Research & Papers

[R] Evaluating MLLMs with Child-Inspired Cognitive Tasks

New benchmark reveals AI models struggle with abstract reasoning and multi-rule coordination despite strong single-task performance.

Deep Dive

A research team has introduced KidGym, a novel benchmark for evaluating Multimodal Large Language Models (MLLMs) that moves beyond static assessments to continuous, interactive testing. Inspired by the Wechsler Intelligence Scale for Children (WISC), KidGym organizes evaluation into five cognitive dimensions: Execution, Memory, Learning, Planning, and Perception Reasoning. The benchmark features 12 task categories across three difficulty levels, with randomized layouts and diverse scenarios designed to test both single abilities and compositional reasoning while minimizing data leakage. Built as an interactive 2D grid world with a gym-style API, it includes LLM-friendly features like a backpack system, hint panel, and high-level actions for easier community adoption and extension.

The benchmark's findings reveal significant gaps in current MLLM capabilities. While strong models perform well on isolated, single-ability tasks, their performance drops noticeably when faced with challenges requiring abstract or non-semantic visual reasoning, numerical sensitivity and counting, and multi-rule coordination across different cognitive abilities. These weaknesses highlight how current benchmarks may overestimate model capabilities by testing skills in isolation rather than in the complex, compositional ways humans use them. KidGym's five-dimensional capability radar charts provide more interpretable, fine-grained evaluation of where models succeed and fail in interactive settings.

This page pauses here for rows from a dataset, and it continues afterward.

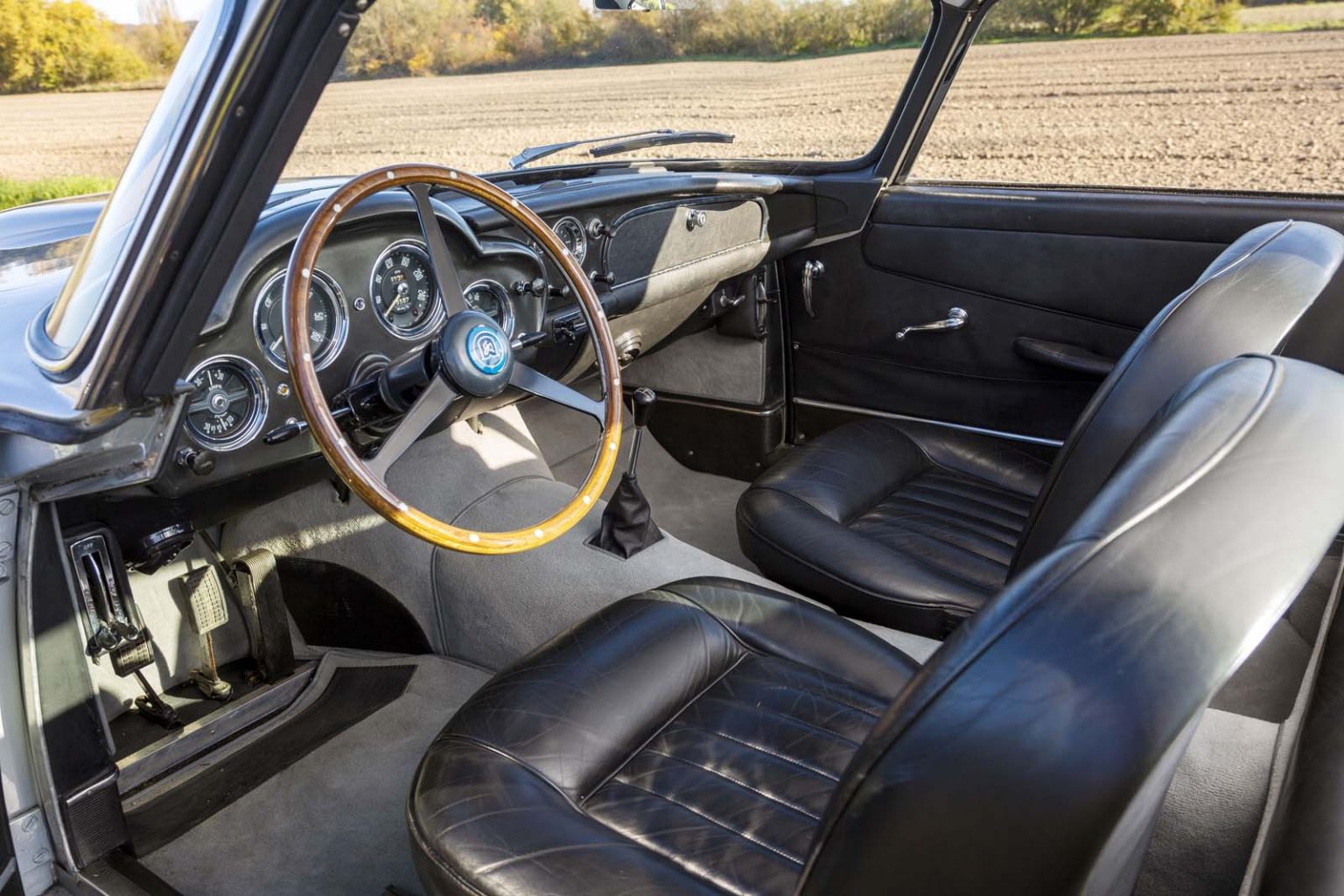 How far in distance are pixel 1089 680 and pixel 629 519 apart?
156cm

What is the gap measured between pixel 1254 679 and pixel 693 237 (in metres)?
1.54

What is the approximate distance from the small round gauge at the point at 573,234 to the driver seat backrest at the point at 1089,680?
5.34 ft

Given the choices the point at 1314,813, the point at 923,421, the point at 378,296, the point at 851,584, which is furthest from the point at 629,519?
the point at 1314,813

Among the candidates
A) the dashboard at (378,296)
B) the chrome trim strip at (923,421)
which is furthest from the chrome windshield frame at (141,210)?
the chrome trim strip at (923,421)

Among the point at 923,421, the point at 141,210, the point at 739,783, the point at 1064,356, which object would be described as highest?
the point at 141,210

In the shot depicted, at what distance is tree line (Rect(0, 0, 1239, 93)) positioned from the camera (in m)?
1.40

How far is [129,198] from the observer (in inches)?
43.1

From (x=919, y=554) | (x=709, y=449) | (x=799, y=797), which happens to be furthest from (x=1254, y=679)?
(x=709, y=449)

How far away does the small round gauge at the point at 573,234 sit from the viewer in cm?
217

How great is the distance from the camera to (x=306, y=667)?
2225 millimetres

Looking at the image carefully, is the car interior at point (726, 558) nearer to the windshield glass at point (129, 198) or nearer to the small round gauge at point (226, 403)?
the small round gauge at point (226, 403)

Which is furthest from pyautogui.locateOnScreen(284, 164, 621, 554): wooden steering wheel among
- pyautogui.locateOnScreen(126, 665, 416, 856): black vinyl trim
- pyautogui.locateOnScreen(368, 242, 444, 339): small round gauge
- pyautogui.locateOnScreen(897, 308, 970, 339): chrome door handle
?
pyautogui.locateOnScreen(897, 308, 970, 339): chrome door handle

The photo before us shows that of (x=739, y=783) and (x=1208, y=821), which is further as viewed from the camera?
(x=739, y=783)

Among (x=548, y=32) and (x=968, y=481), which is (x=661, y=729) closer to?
(x=968, y=481) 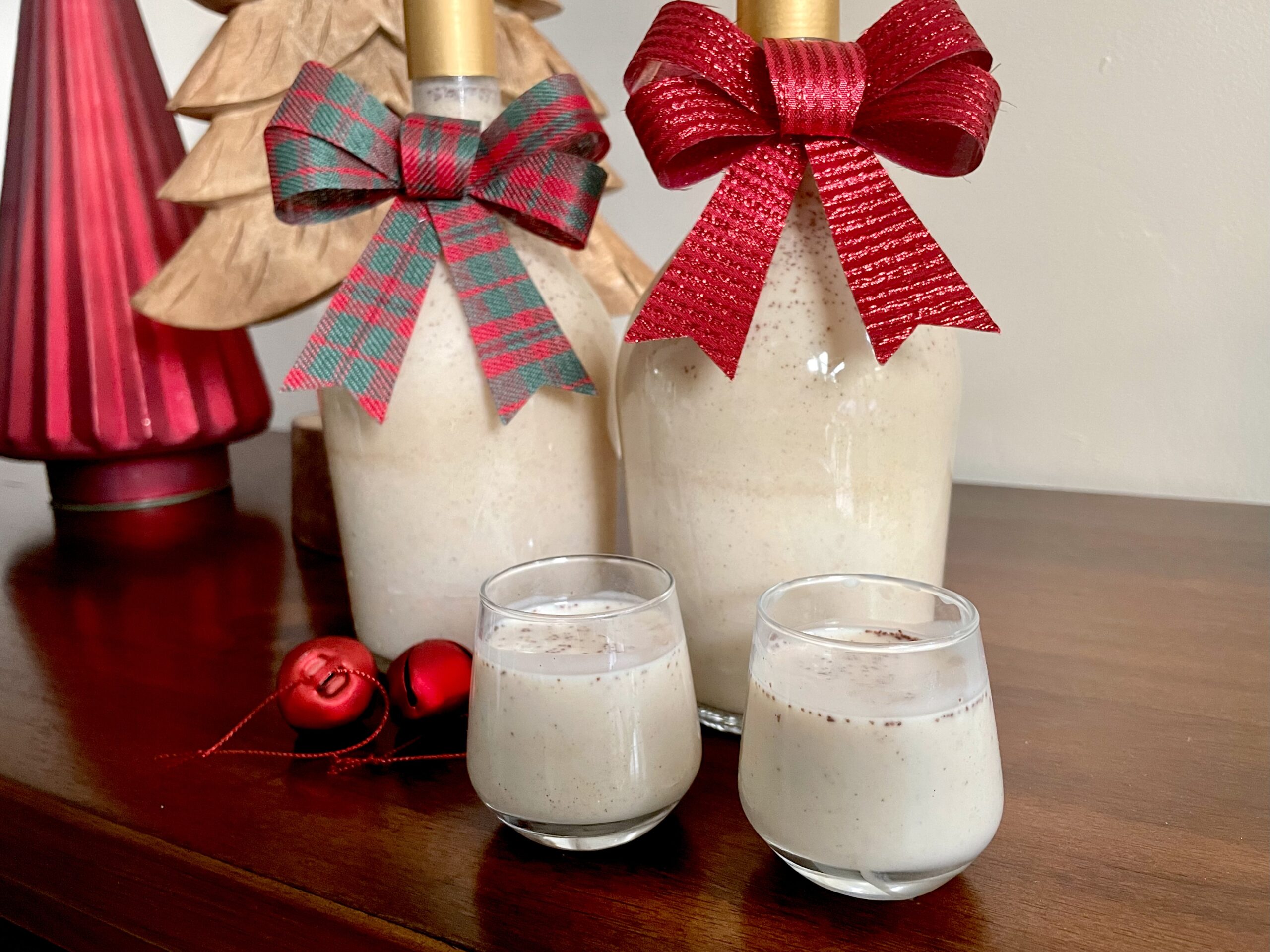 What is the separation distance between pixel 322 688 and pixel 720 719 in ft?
0.58

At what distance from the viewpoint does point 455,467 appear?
1.51 feet

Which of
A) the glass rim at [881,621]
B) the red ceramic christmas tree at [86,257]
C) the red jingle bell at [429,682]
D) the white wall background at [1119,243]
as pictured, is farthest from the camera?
the red ceramic christmas tree at [86,257]

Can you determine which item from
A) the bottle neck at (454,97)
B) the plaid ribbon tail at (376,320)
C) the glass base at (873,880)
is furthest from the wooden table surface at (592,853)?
the bottle neck at (454,97)

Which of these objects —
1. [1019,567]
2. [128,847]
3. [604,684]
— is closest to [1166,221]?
[1019,567]

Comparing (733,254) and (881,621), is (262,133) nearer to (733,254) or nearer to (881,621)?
(733,254)

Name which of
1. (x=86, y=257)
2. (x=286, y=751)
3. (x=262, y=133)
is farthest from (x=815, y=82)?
(x=86, y=257)

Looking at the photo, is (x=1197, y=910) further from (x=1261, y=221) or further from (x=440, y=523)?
(x=1261, y=221)

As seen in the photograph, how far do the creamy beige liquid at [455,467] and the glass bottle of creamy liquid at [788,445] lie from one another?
0.17ft

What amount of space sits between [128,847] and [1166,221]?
75cm

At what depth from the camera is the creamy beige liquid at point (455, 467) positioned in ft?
1.48

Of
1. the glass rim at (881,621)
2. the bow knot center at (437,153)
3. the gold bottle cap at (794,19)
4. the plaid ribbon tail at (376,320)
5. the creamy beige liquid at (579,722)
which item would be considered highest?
the gold bottle cap at (794,19)

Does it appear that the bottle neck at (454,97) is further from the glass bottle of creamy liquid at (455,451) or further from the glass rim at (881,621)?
the glass rim at (881,621)

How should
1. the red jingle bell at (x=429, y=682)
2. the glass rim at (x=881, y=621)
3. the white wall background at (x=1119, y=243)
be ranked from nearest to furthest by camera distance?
the glass rim at (x=881, y=621)
the red jingle bell at (x=429, y=682)
the white wall background at (x=1119, y=243)

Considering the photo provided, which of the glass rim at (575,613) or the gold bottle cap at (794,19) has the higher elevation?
the gold bottle cap at (794,19) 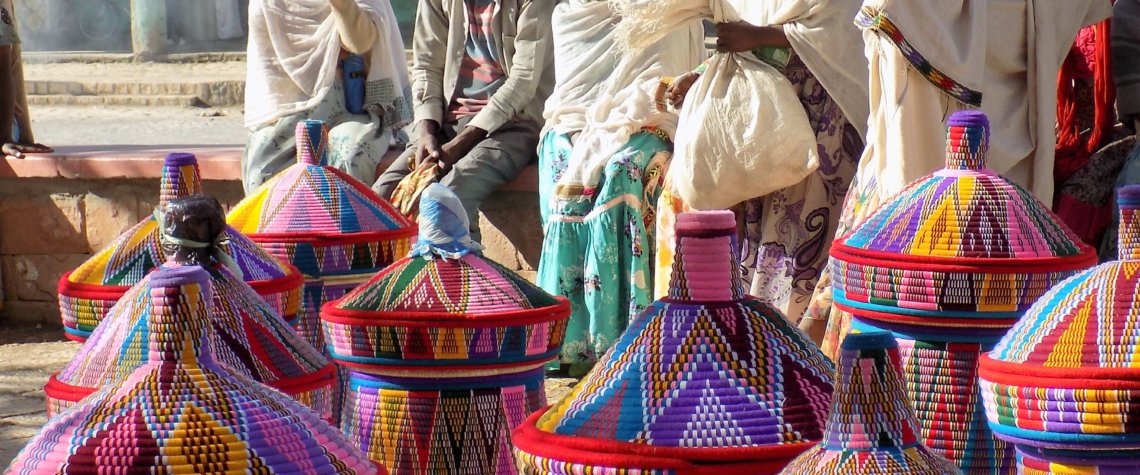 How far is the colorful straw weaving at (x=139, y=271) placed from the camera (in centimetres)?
301

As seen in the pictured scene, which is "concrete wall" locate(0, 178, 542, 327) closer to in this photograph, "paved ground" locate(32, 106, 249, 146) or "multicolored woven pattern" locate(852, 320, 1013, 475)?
"paved ground" locate(32, 106, 249, 146)

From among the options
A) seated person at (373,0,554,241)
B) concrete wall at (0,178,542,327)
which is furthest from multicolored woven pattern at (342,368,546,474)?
concrete wall at (0,178,542,327)

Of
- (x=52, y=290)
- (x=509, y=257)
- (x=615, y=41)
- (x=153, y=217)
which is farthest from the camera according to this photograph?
(x=52, y=290)

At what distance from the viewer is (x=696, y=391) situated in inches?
78.4

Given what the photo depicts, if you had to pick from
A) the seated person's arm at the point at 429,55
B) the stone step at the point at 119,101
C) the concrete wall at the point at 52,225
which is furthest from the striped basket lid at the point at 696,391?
the stone step at the point at 119,101

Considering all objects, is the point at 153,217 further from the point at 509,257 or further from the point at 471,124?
the point at 509,257

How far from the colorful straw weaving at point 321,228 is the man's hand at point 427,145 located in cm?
230

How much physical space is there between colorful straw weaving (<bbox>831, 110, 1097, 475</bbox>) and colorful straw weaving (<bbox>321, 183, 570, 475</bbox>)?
58 cm

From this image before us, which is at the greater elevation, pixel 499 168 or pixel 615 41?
pixel 615 41

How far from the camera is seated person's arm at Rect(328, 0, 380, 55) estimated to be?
263 inches

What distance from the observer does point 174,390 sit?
1.81 meters

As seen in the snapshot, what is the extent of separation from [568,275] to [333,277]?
1931 mm

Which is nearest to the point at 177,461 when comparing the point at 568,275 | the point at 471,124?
the point at 568,275

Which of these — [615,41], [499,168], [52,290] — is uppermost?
[615,41] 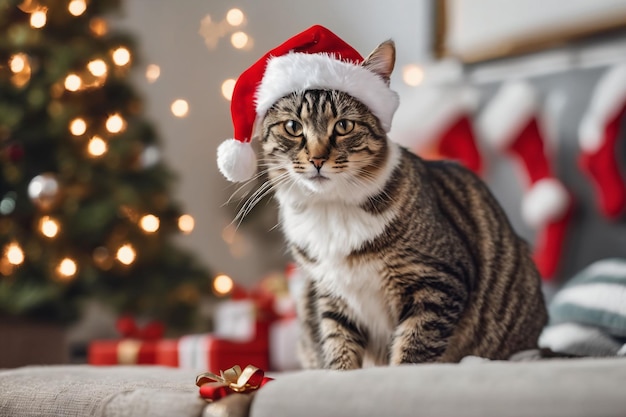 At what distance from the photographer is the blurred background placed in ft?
7.16

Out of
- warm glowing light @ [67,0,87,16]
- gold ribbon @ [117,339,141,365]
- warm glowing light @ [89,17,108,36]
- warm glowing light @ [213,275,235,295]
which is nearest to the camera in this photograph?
gold ribbon @ [117,339,141,365]

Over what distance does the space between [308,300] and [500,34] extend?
1723mm

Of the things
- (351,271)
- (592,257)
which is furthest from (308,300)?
(592,257)

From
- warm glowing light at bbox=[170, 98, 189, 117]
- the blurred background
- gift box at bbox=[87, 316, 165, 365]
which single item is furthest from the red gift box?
warm glowing light at bbox=[170, 98, 189, 117]

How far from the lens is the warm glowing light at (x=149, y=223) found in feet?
7.73

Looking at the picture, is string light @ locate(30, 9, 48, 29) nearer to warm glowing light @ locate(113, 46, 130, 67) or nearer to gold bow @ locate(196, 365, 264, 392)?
warm glowing light @ locate(113, 46, 130, 67)

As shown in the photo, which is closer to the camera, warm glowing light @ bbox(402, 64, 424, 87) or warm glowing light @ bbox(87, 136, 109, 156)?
warm glowing light @ bbox(87, 136, 109, 156)

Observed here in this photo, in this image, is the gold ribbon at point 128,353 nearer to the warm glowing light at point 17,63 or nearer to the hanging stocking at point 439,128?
the warm glowing light at point 17,63

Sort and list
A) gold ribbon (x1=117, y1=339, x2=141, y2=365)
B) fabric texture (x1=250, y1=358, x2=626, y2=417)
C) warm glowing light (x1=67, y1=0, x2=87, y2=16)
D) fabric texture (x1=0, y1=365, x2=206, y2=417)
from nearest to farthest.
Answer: fabric texture (x1=250, y1=358, x2=626, y2=417) < fabric texture (x1=0, y1=365, x2=206, y2=417) < gold ribbon (x1=117, y1=339, x2=141, y2=365) < warm glowing light (x1=67, y1=0, x2=87, y2=16)

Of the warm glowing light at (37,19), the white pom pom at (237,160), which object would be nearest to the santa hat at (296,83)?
the white pom pom at (237,160)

Accepted for presentation at ICLR 2026, KidGym represents a shift toward more faithful evaluation of AI systems in continuous interaction scenarios. The benchmark's design emphasizes generalization beyond memorization through randomized elements, and its open-source nature encourages the research community to build upon it. This work suggests that achieving true compositional reasoning in AI will require moving beyond current benchmark paradigms to test how models integrate multiple cognitive skills in dynamic environments.

Key Points
  • KidGym tests MLLMs across 5 cognitive dimensions (Execution, Memory, Learning, Planning, Perception Reasoning) with 12 task categories and 3 difficulty levels
  • Benchmark reveals models struggle with abstract visual reasoning, numerical counting, and multi-rule coordination despite strong single-task performance
  • Features gym-style API, randomized layouts, and LLM-friendly interaction design for community customization and extension

Why It Matters

Provides more realistic evaluation of AI reasoning capabilities, revealing critical weaknesses in compositional thinking that current benchmarks miss.